I’m reasonably proficient with the rake/rails command line, but I’m struggling to figure out how to remove these email addresses, I’ve tried various forms of this (regex, not regex) but it never finds any posts

rake posts:remap["\<vincent@domain\.com\>","","regex"]
rake posts:remap["\\<vincent@domain\\.com\\>","","regex"]

Is there a better way to do this? I started with a simple regex to find my own address first (and yes I have a backup!).

Since this is a new discourse instance, I’m not concerned about removing any @ mentions etc.

Thx.

Here is a quick script @pfaffman wrote for us. Any crappy parts are things I changed. It has a few bells and whistles you may not need, for example a cutoff date so it only removes email addresses from posts before that date.
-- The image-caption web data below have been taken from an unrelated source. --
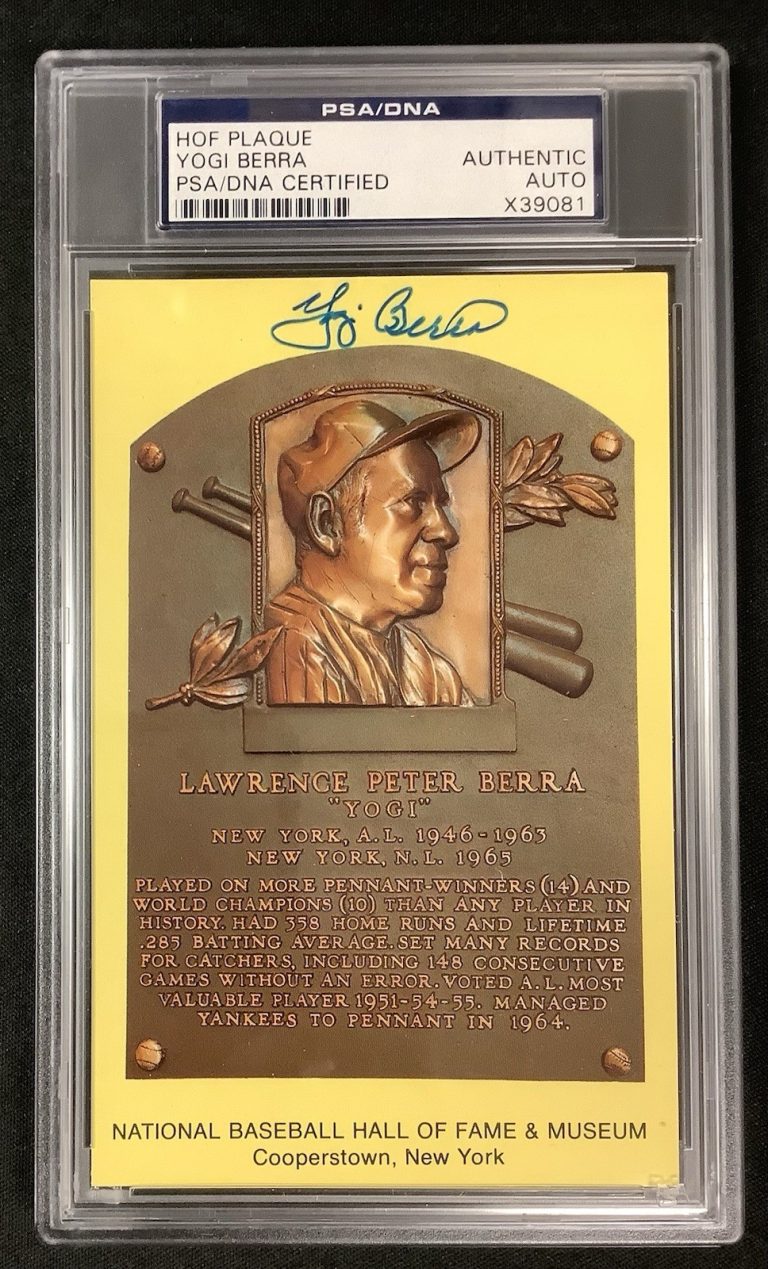 Yogi Berra Signed Gold Plaque Postcard HOF Autograph Yellow Yankees PSA/DNA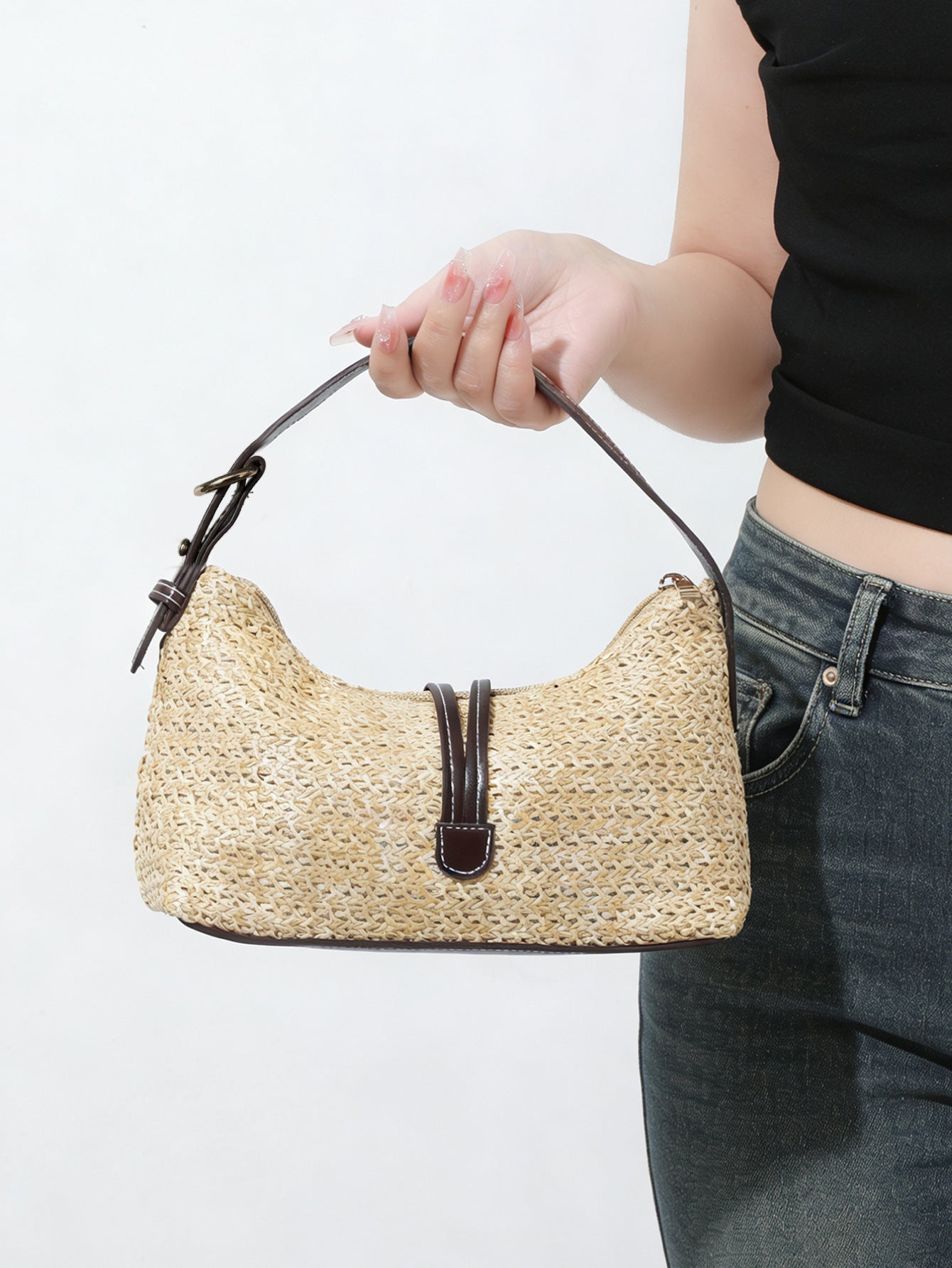 Personality Versatile Solid Color Beach Vacation Weaving Bags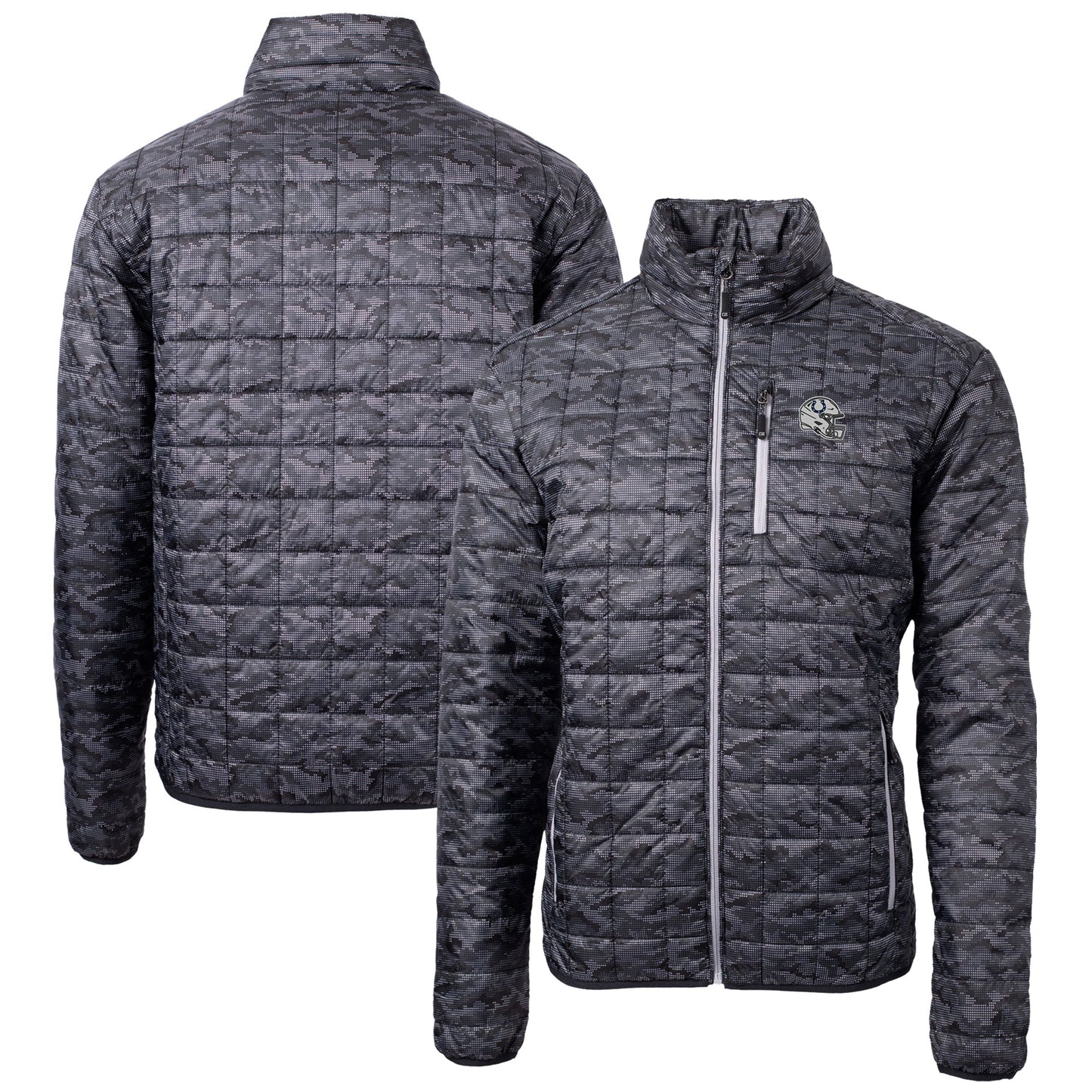 Men's Cutter & Buck Black Indianapolis Colts Helmet Rainier PrimaLoft Eco Insulated Printed Full-Zip Puffer Jacket
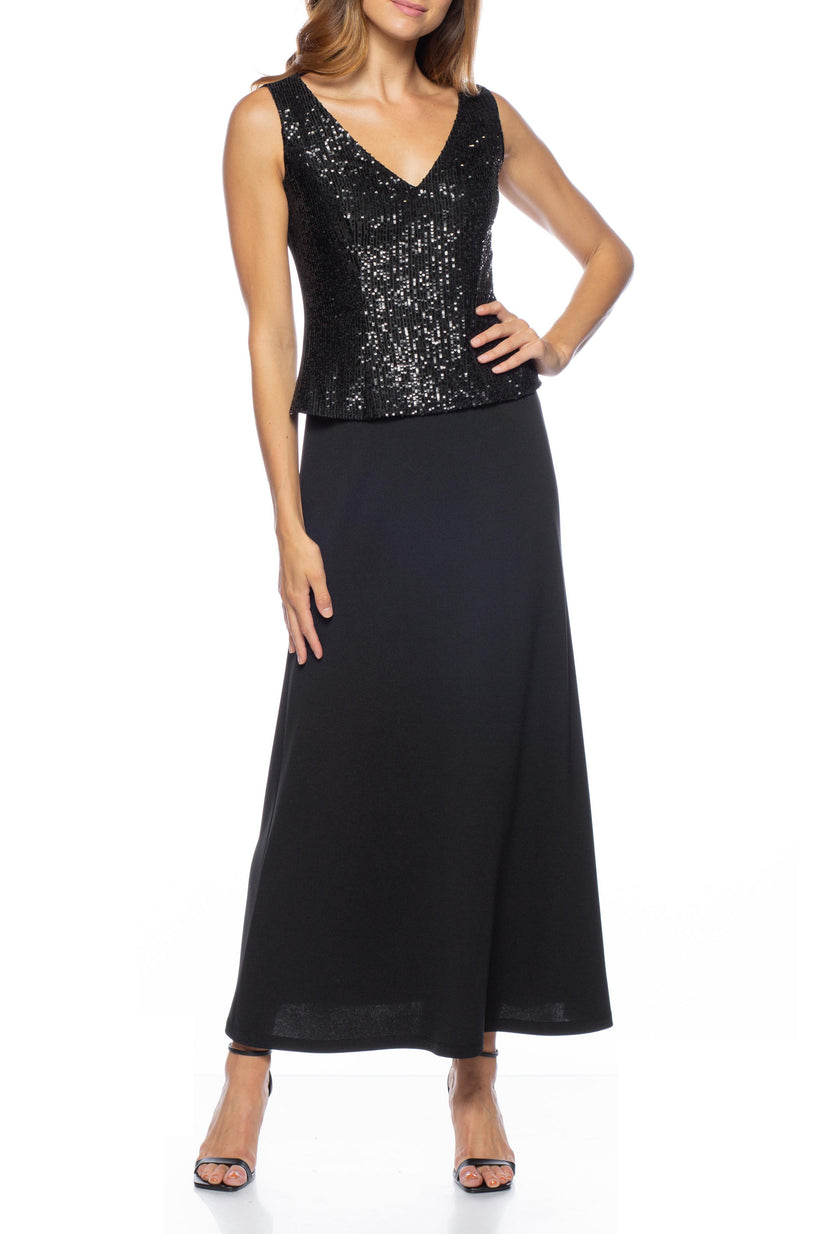 Marina 267988 Sequin Long Mother of the Bride Formal Jacket Dress
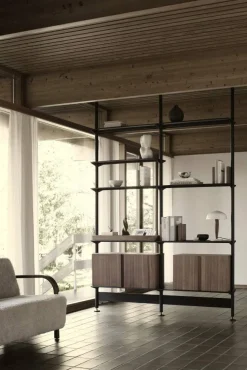 Pira G2 hyllsystem F C A Black/Walnut 240-247 cm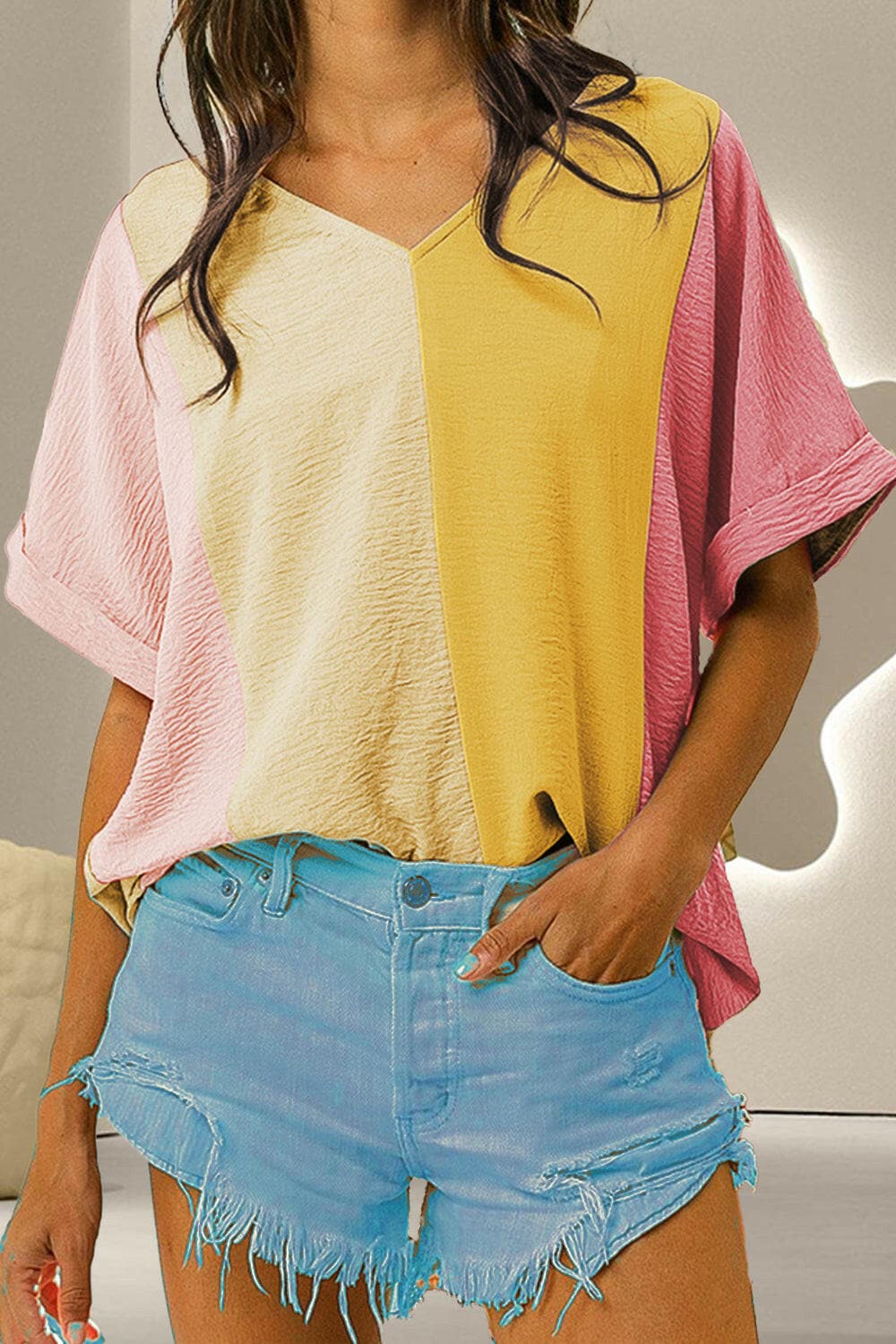 Color Block V-Neck Half Sleeve T-ShirtDiscover the Color Block V-Neck Half Sleeve T-Shirt
 Upgrade your wardrobe with our Color Block V-Neck Half Sleeve T-Shirt, a versatile piece that combines style andLove Salve -Neck Half Sleevejust arrived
I found it best to replace addresses with ‘email@removed.com’, rather than remove them entirely. Can’t remember why- I think it played nicer with surrounding brackets.

def remove_email_addresses
  n=0 
  test_mode=false 
  dt=DateTime.new(2019, 1, 1, 0, 0, 0) 
  no_emails="email@removed." 
  Post.where("raw like '%@%'").find_each do |post| 
    sleep 0.1 
    if post.created_at < dt 
      post.raw.gsub!(/[a-z0-9+-_.]+@[a-z0-9+-]+[. ,;\\]/i,no_emails) 
      if test_mode 
        puts post.raw 
        sleep 10 
      end 
      post.save unless test_mode 
      post.rebake! unless test_mode 
      puts "saved" 
      n+=1 
      puts n.to_s 
    else 
      puts "new post, leaving as-is" 
    end 
  end 
  nil 
end

> remove_email_addresses
2 Likes

Excellent thanks, I’ll give it a try.